Stored data:
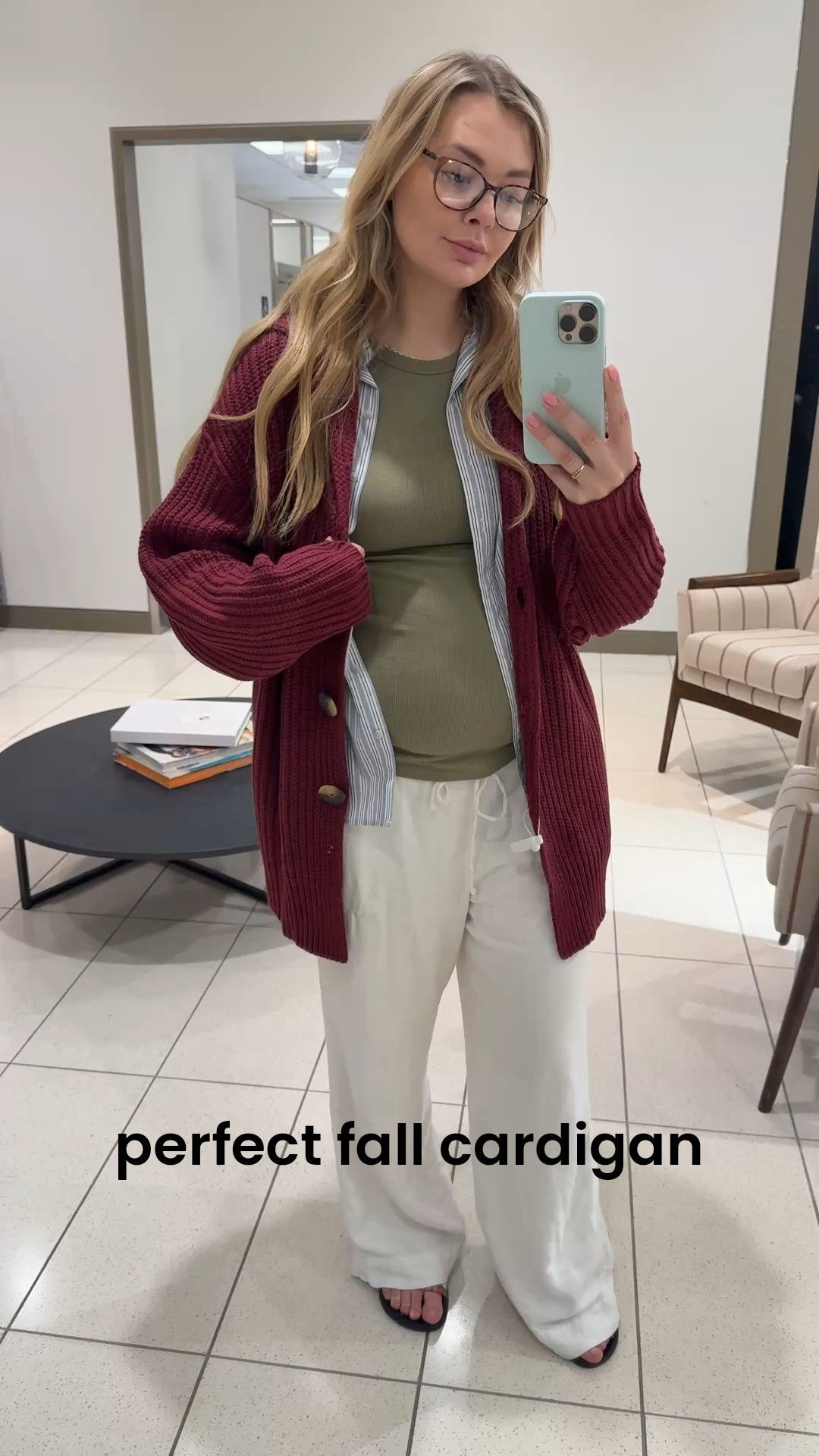 The PERFECT fall cardigan— comes in several colors. Tts, wearing a small

#LTKStyleTip #LTKBump #LTKSeasonal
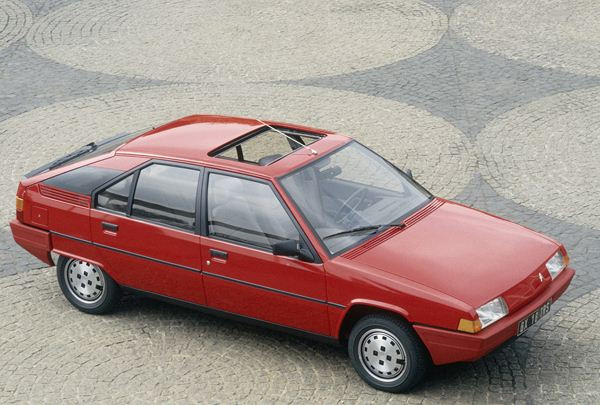Citroën fête les 30 ans de la BX à Rétromobile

Assigned task: Please reproduce the whole listing exactly; the pictures stay out.

Response to the task:
 The PERFECT fall cardigan— comes in several colors. Tts, wearing a small

#LTKStyleTip #LTKBump #LTKSeasonal
Citroën fête les 30 ans de la BX à Rétromobile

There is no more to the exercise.